Enhancing Two-Photon Excited Fluorescence of Metal–Organic Framework Single Crystals through Modulation of Inorganic Nodes

Abstract

Regulation of the two-photon excited fluorescence (TPEF) emission intensity and wavelength of metal-organic framework (MOF) crystals with similar constitutions presents a significant challenge. In this study, two MOFs, Zn-BTPPA and Cd₃-BTPPA, were constructed using tetrakis(1,1'-biphenyl-4-carboxylic acid)-1,4-benzenediamine (H₄BTPPA) as the organic ligand and mononuclear Zn and trinuclear Cd₃ inorganic nodes, respectively.
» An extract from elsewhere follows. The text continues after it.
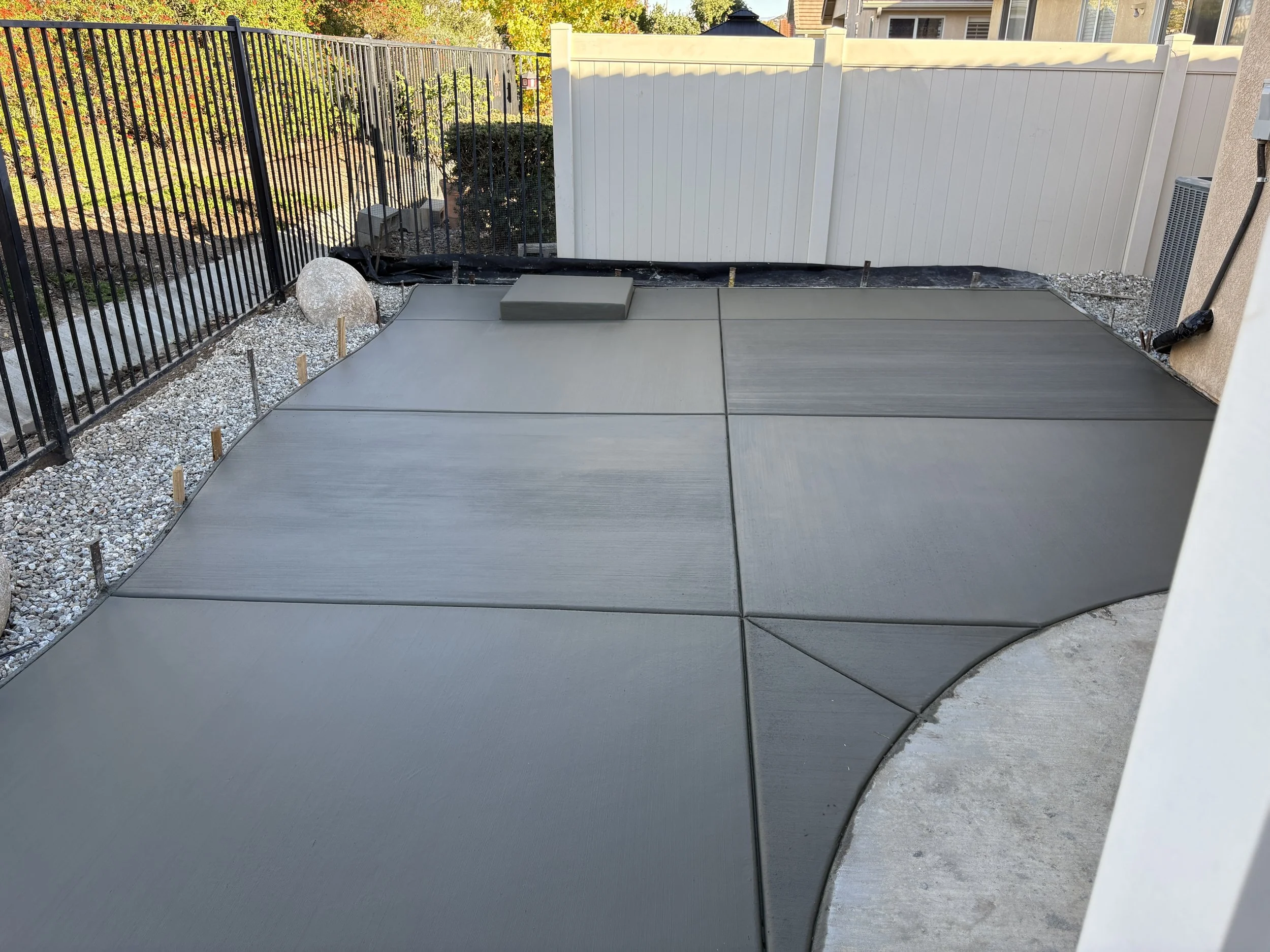 Freshly poured concrete patio with sealing joints, bordered by a curved edge, with a black metal fence on the left and a white fence in the background, and neighboring house wall on the right.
The incorporation of H₄BTPPA within the MOF structures enables effective TPEF emission in both Zn-BTPPA and Cd₃-BTPPA. The TPEF results show that Zn-BTPPA and Cd₃-BTPPA exhibited strong emissions at 523 and 463 nm, respectively, when excited with a 780 nm laser. Moreover, Zn-BTPPA and Cd₃-BTPPA exhibited much higher two-photon absorption cross sections, approximately 4.9 and 5.2 times higher than that of the reported dinuclear MOF, Cd₂-BTPPA, with a similar composition, respectively. With different inorganic nodes, the stacking of chromophores, π···π interactions, and ligand geometry were found to correlate with the enhanced TPEF in Cd₃-BTPPA and the blue-shifted TPEF in Zn-BTPPA. This work serves as an inspiration for designing efficient TPEF MOF materials based on the structure-property relationship.